[EXERCISE DETAILS]: Nothing outside the lines below from the one containing "Lastiği 2024 Bridgestone" through the one containing "ohvideo.co.uk" is to be printed; print those exactly, ends included, and drop the pictures.

[SUPPLIED MATERIAL]:
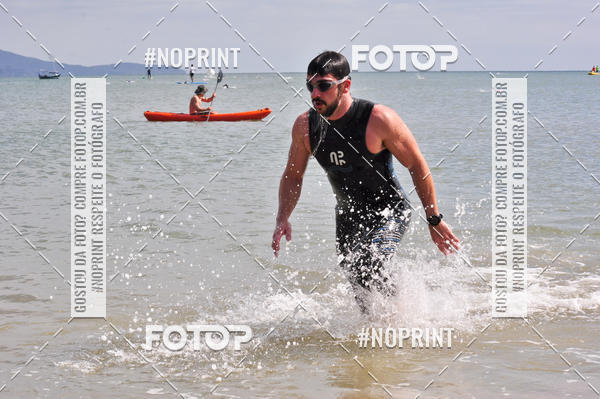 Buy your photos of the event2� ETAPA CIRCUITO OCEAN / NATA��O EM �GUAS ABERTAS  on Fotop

...

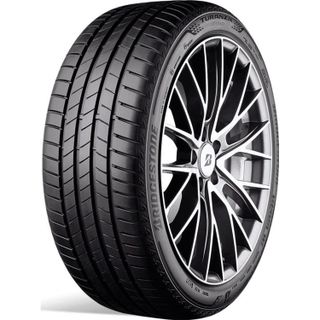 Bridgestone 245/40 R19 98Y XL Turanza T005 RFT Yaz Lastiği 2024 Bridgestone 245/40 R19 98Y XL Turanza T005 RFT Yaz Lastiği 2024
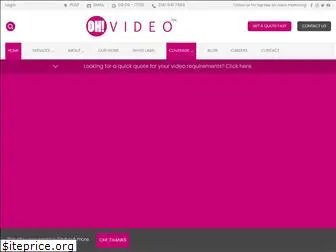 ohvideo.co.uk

[SOLUTION FOR THIS EXERCISE]:
 Bridgestone 245/40 R19 98Y XL Turanza T005 RFT Yaz Lastiği 2024 Bridgestone 245/40 R19 98Y XL Turanza T005 RFT Yaz Lastiği 2024
 ohvideo.co.uk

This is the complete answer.